Text by Julie Moir Messervy, JMMDS. Photography by Susan Teare.
When you live near a beaver pond, you never know what those pesky creatures are going to do next! This past summer their obsessive need to stop the trickling of its waters made them try to stop up the stream near our Lake House. Their dams, created with painstaking care, combine gnawed branches with mud tamped in place by their little paws. While others curse them, we admire their industry, even when my husband had to continually rip out these new dams when they started flooding our field. But sure enough, we’d return the next morning to find the dams repaired and water backing up behind them once more.
But what I love most about beavers, besides the way they swim around in the pond and slap the water with their tails when they see us, is the paradise they create in the wet meadow that lies between our ponds. Every year, they build new canals, ponds, and dams, mowing down willow shrubs, red maple saplings, and lately, due to the paucity of good material, even the invasive buckthorn bushes that love wet feet. What’s left is a host of beautiful plants that look their best in August through to late fall. Elderberry and Spiraea, Joe Pye Weed, Sneezewort, Queen Anne’s Lace, Asters, Milkweed, and Goldenrod…everywhere! Heaven.

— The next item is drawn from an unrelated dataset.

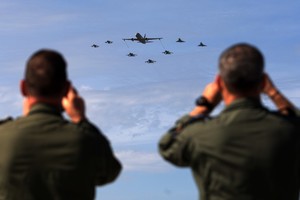 Paskelbė, kokių šalių kariai gins Baltijos šalis ir Lenkiją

Our amazing photographer Susan Teare recently came to our house and got up early with me to take these beautiful images on a lovely autumn morning. Enjoy.
Wishing all our readers a happy, safe, and peaceful Thanksgiving.
Beautiful !!!
Happy Thanksgiving from our home to yours.
I so enjoyed these photos as well as your story. To let nature do what needs to be done might bring more amazing surprises, I would love to come and see it one day! Kudo’s to you to not all the time destroying their work but watch it and see the effect….
Nicolien
I love the photos and your story, too! Thank you for sharing! Regards!